Les alinéas, décriés, qui prévoyaient de créer une nouvelle catégorie de « zones humides fortement dégradées », qui auraient autorisé de nouvelles activités humaines dans ces écosystèmes, ont été supprimés.
- Agrandissement des élevages
Le texte propose de faciliter l’agrandissement ou la création de bâtiments d’élevage intensif, en relevant les seuils à partir desquels les élevages porcins et avicoles seront soumis à des procédures d’évaluation environnementale en raison de leurs émissions – le relèvement des seuils pour les élevages bovins a, lui, été renvoyé à un texte ultérieur.

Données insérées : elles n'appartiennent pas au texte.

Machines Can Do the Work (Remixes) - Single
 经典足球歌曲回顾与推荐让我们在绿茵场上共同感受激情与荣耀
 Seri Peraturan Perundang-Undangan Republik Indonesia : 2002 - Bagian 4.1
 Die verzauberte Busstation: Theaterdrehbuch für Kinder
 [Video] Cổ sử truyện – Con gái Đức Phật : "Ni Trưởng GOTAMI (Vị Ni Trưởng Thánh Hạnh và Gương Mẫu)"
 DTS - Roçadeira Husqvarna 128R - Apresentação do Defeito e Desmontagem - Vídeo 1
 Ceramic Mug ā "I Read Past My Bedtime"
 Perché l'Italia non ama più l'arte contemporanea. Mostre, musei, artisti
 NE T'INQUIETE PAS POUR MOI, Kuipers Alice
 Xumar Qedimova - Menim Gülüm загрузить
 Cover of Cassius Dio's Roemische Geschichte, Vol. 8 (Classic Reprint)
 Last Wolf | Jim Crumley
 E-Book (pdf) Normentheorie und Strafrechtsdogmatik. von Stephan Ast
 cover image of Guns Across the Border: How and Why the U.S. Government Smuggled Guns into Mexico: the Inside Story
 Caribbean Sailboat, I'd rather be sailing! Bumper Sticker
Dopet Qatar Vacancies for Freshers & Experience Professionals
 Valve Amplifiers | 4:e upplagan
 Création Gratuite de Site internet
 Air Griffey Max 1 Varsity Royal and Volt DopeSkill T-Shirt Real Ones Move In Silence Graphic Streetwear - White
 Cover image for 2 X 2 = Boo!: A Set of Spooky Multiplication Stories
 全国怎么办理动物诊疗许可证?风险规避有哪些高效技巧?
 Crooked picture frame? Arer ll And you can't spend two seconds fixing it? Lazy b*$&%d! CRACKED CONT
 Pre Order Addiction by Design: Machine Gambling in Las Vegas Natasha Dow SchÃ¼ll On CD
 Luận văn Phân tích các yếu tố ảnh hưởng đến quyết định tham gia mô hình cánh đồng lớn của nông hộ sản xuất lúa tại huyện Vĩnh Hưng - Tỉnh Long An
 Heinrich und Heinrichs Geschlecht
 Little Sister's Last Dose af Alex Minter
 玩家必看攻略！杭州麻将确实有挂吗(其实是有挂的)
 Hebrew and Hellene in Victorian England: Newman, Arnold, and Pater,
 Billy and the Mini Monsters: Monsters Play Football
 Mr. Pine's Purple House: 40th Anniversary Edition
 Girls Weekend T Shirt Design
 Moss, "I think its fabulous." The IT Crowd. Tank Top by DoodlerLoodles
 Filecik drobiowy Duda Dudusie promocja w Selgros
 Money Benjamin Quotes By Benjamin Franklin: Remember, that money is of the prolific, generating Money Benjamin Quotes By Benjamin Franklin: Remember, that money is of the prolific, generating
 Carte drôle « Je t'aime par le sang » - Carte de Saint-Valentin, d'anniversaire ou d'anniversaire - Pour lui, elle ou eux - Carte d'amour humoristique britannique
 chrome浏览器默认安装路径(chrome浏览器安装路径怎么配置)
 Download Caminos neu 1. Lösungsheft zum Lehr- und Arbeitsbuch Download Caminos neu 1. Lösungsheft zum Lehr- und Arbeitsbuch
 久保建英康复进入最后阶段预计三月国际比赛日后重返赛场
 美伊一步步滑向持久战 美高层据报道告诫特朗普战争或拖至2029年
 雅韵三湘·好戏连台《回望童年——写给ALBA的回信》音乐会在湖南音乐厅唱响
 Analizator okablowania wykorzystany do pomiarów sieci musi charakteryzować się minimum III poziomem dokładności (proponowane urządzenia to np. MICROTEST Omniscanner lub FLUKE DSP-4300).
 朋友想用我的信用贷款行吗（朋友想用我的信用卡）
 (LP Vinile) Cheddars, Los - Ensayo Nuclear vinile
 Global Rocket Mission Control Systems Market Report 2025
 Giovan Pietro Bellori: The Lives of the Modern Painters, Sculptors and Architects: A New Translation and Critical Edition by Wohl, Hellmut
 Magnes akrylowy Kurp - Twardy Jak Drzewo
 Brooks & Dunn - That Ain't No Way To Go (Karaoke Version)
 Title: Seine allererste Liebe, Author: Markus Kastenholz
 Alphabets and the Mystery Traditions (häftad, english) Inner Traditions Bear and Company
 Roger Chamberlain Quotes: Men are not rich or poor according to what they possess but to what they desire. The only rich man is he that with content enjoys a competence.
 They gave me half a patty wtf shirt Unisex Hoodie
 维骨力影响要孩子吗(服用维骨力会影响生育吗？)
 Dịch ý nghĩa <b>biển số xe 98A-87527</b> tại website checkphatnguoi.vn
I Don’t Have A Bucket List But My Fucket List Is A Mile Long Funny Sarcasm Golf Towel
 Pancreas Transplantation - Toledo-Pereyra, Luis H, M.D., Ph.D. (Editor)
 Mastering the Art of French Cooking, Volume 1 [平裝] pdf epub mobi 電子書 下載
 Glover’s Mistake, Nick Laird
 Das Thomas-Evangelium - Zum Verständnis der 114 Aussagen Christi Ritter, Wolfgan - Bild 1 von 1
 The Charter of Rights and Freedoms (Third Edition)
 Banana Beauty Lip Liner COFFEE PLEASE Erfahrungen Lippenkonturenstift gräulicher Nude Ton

L’objectif est qu’un poulailler ne devrait demander une autorisation qu’à partir de 85 000 poulets contre 40 000. Une porcherie passerait de 2 000 à 3 000 cochons. Mais cette mesure ne s’appliquerait qu’à la fin de 2026, quand les fédérations réclament une application immédiate.
Ces seuils sont alignés sur la directive européenne relative aux émissions industrielles. Les filières d’élevage et la FNSEA demandent à les aligner sur une autre directive, plus permissive. Cette mesure, qui ne concernera que 3 % des élevages, ceux relevant du régime des « installations classées pour protection de l’environnement », a été décriée par les associations et une partie du monde paysan comme emblématique d’un texte calibré pour une minorité d’agriculteurs. Le principe de « non régression » environnementale ne s’opposerait pas au relèvement de ces seuils, selon le texte.